Midterm prediction thread
On the basis of a very close perusal of a randomized sample of yard signs in Boulder, Colorado, I make the following prediction:
The Democrats will do remarkably well in tomorrow’s midterms, measured by the historical baseline of how a party that wins the federal trifecta does in the subsequent election. In other words, instead of losing a net of something like 10 Senate and 50 House seats, Democrats are likely to do far, far better than that, although holding the House is still extremely unlikely, and holding the Senate is far from assured.
Of course this won’t stop the media from declaring the outcome the result of the Democrats being too extreme — sorry, that’s “perceived as too extreme”; how those perceptions arise is just one of those eternal metaphysical mysteries apparently — even though voters “also” consider the Republicans to be “extreme,” on issues such as whether we should keep having elections etc.
In fact it’s already happening:
Third Way — a center-left think tank backed by some of the biggest names in Democratic politics — is sounding the alarm about deep-seated party flaws, based on its own new polling from Senate battlegrounds.
Driving the news: “If Democrats manage to hold on to the House and Senate, it will be in spite of the party brand, not because of it,” Third Way writes in a memo synthesizing its conclusions, shared first with Axios.
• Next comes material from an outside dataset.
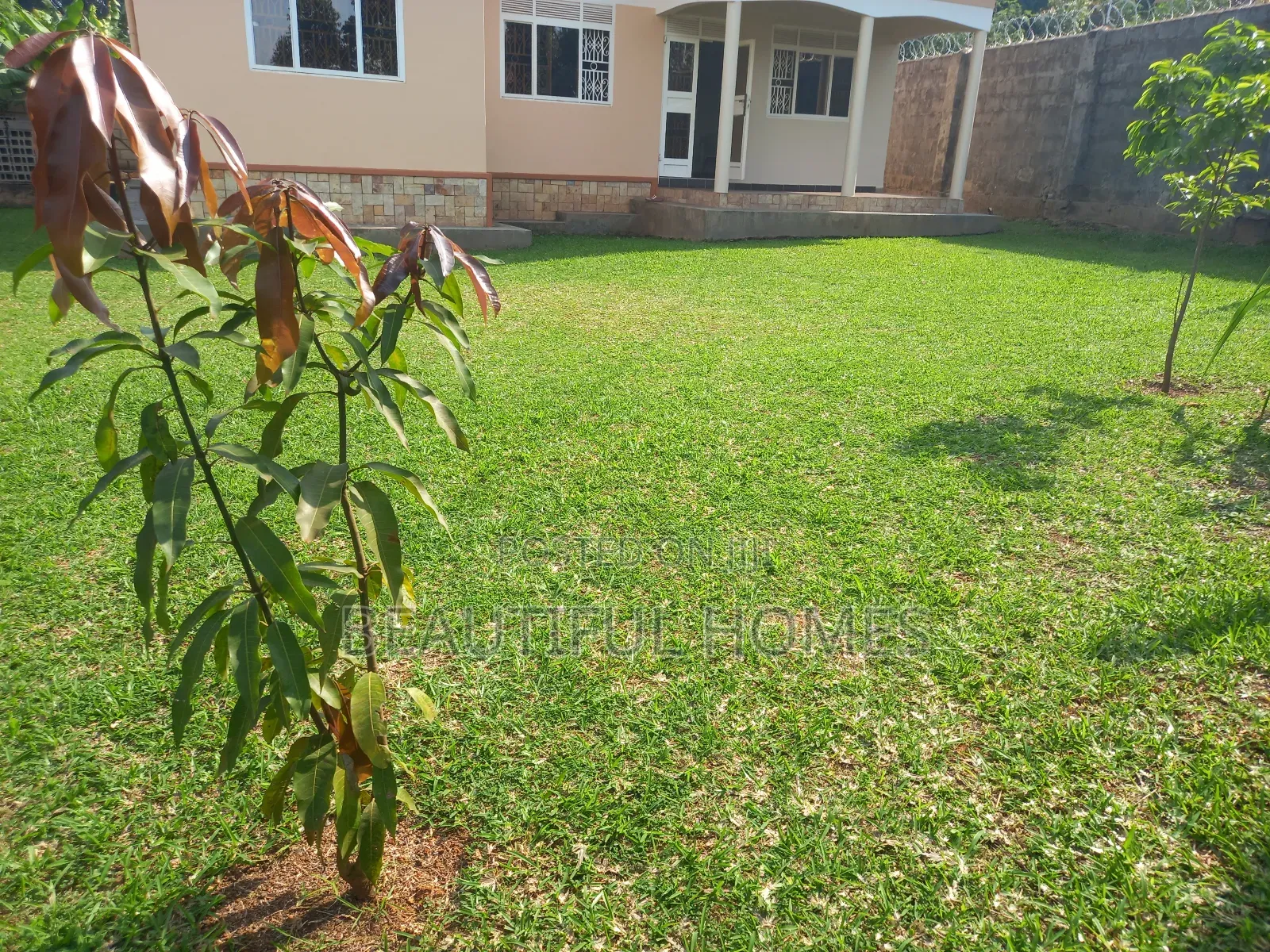 Furnished 3bdrm House in Kisaas, Nakawa for sale in Nakawa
- “Despite a roster of GOP candidates who are extreme by any standard, voters see Democrats as just as extreme, as well as far less concerned about the issues that most worry them.”
Why it matters: Lifelong, respected Democrats are saying the quiet part out loud — that if Republicans have a huge night on Tuesday, as polls are blaring, Democrats must blame “much deeper” problems than simply the “historical trends” that beset the party in power.
Flashback: James Carville, Ruy Teixeira and other Dems have been making this case for more than a year, seizing initially on the embrace of “defund the police” by some progressives.
In a brutal bill of particulars, the Third Way memo says under the headings “Out of Touch on Priorities … Out of Touch Ideologically … Out of Touch on Values”:
- “Democrats are underwater on issues voters name as their highest priorities, including the economy, immigration, and crime.”
- “While Democrats maintain a lead on handling certain issues like abortion and climate change, voters also rank these issues as lower priorities.”
- “[V]oters question whether the party shares essential values like patriotism and the importance of hard work. … Only 43% of voters say Democrats value hard work, compared to 58% for Republicans.”
- “[E]ven in the areas where Democrats are trusted more [including education], it is not clear that voters are sold on Democrats’ approach or ability to get things done.”
- “Democrats are benefitting from a perception among voters that Republicans are extreme, but they cannot fully reap the gains of this view, as voters think Democrats are extreme as well.”
The bottom line: Democrats need to make major changes to the party brand to avoid another potential wipeout in 2024.
Of course this is what reactionary centrists have been saying forever, and it’s easy enough to pick apart the bill of particulars: no elected Democrat above the level of a Berkeley city council member has advocated anything like defunding the police, crime isn’t actually up, national Democrats don’t actually favor more liberal immigration policies, inflation is an international phenomenon at present that has almost nothing to do with any Democratic policies, trans panic is a completely made up issue, “valuing hard work” is just code for there are too many colored people voting for Democrats etc. etc.
Plus the poll this is all based on has a huge oversample of “swing voters,” which under current conditions just means people who are basically OK with fascism but don’t like to advertise that too loudly.
But Axios gonna Axios, so get ready for plenty of bogus postmortems of this sort, even the Dems hold the Senate and are down only 15 or so seats in the House after Tuesday.